Compare LLM performance across benchmarks
Convert Stable Diffusion checkpoint to Diffusers and open a PR
Calculate survival probability based on passenger details
Benchmark LLMs in accuracy and translation across languages
Browse and evaluate ML tasks in MLIP Arena
View and submit LLM benchmark evaluations
SolidityBench Leaderboard
Measure BERT model performance using WASM and WebGPU
Load AI models and prepare your space
Demo of the new, massively multilingual leaderboard
Convert PyTorch models to waifu2x-ios format
Open Persian LLM Leaderboard
Evaluate and submit AI model results for Frugal AI Challenge
Goodharts Law On Benchmarks is a principle that states "when a measure becomes a target, it ceases to be a good measure." In the context of AI and machine learning, this applies to benchmarking large language models (LLMs). It highlights the risk of models being optimized to perform well on specific benchmarks, potentially leading to overfitting or gaming the system, rather than genuinely improving performance.
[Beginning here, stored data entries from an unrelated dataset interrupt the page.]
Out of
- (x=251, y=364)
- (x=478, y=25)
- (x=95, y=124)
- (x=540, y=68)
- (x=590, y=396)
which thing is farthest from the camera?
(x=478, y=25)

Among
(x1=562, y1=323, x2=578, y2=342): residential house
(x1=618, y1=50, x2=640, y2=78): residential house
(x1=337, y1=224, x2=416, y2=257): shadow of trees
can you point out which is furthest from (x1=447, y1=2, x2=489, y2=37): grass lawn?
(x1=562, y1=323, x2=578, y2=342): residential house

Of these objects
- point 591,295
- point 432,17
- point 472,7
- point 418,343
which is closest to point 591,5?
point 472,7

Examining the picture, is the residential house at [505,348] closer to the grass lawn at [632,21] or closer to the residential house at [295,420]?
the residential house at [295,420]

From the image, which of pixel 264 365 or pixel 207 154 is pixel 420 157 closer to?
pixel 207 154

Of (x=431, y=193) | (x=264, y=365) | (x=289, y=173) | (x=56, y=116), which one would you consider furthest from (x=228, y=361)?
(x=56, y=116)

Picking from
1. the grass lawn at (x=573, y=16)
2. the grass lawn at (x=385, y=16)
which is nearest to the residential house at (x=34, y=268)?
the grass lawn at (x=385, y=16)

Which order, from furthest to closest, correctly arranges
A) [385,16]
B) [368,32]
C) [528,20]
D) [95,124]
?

This tool helps analyze and compare LLM performance across multiple benchmarks to identify such biases and ensure more robust evaluations.
What is Goodhart's Law?
Goodhart's Law is an observation that once a measure is used as a target, it loses its effectiveness as a measure. In AI, this means models may optimize for benchmark scores rather than true performance.
How can I avoid over-optimization?
Use diverse benchmarks and continuously update evaluation metrics to prevent models from overfitting to specific tasks.
When should I apply Goodharts Law On Benchmarks?
Apply this tool whenever you evaluate LLMs on multiple benchmarks to ensure balanced and unbiased performance assessments.